I found myself recently engaging in a discussion on Linked In about how to find an audience for valuable content on the internet. My point was that the more time one spends creating good content the less time there is for marketing. The response was made that ‘Production is marketing.’ My immediate thought was that it most definitely is not. I assume that the man’s suggestion was that good content will always find an audience. I think that is absolute rubbish and I would go further and say that the power of mass marketing is the dumbing down of content to go for mass appeal.
Why do we need an audience at all, you may ask? If your content is so important to you, in quality terms, then you may say that you can just carry on producing good work. Hmm, but clearly there are advantages in having an audience. Last night I watched the results of an architectural heritage competition and the interviewer asked someone what is the value of an award like this. I paraphrase what he said, ‘There is an immense value in early recognition of one’s work, it gives you a platform to express your ideas.’ I thought, that is it, you are so right but in the cold light of day one of the things that strikes me about competitions is that there is one winner. No-one remembers the person who didn’t make the final cut but does it mean that their work is of lesser quality?
William Blake never won a competition but those who beat him in the hunt for that platform for  ideas are eclipsed by Blake’s legacy. Thankfully he didn’t give up because he didn’t have an immediate audience. He worked hard, almost up to the moment he died. His God and his creativity were the important things in his life. Blake wrote:

I must create a system or be enslaved by another man’s; I will not reason and compare: my business is to create

Blake was a difficult man but he may have become increasingly so the more his work was ignored and ridiculed. It is isolating and dispiriting to have one’s creation whatever it is, totally ignored.

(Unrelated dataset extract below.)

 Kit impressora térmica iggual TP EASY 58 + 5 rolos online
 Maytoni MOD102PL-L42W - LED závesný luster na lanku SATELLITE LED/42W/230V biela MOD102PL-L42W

In the 1960s when I was at Aberystwyth University a friend of mine said you must go along to a poetry reading given by R. S. Thomas. I had never heard of R. S Thomas but I went along. The room was large, too large as it turned out for the number of people who went. There were about twelve of us, just one row of people, and that row not even full. I was captivated by the man’s work and to have the poet himself doing the reading was amazing. How did R. S. Thomas feel about having such a small audience? Was he disappointed, embarrassed, did he feel like giving up? I don’t know, his face gave nothing away. It was a professional performance with no jokey interaction with the audience such as one might have today, the work spoke for itself and no-one thought anything of this wild, rather dishevelled-looking figure at the front. Thomas was not there to say, ‘Look at me, I am the greatest living Welsh poet.’
I remember one of the poems he read that day and it is appropriate to what we are talking about. It is called ‘The Welsh Hill Country.’

Too far for you to see
The fluke and the foot-rot and the fat maggot
Gnawing the skin from the small bones,
The sheep are grazing at Bwlch-y-Fedwen,
Arranged romantically in the usual manner
On a bleak background of bald stone.

Too far for you to see
The moss and the mould on the cold chimneys,
The nettles growing through the cracked doors,
The houses stand empty at Nant-yr-Eira,
There are holes in the roofs that are thatched with sunlight,
And the fields are reverting to the bare moor.

Too far, too far to see
The set of his eyes and the slow pthisis
Wasting his frame under the ripped coat,
There’s a man still farming at Ty’n-y-Fawnog,
Contributing grimly to the accepted pattern,
The embryo music dead in his throat.

The beauty of the country as seen from afar is a romantic view, look at it close up and you will see the reality of the pain and struggle, for both sheep and man, for both there is the constant awareness of hardship and death. It is a way of life which is the very antithesis of romance and pleasure. I know the set of those eyes. I saw them yesterday in the eyes of a beggar on the streets, tired, inward looking and hauntingly sad.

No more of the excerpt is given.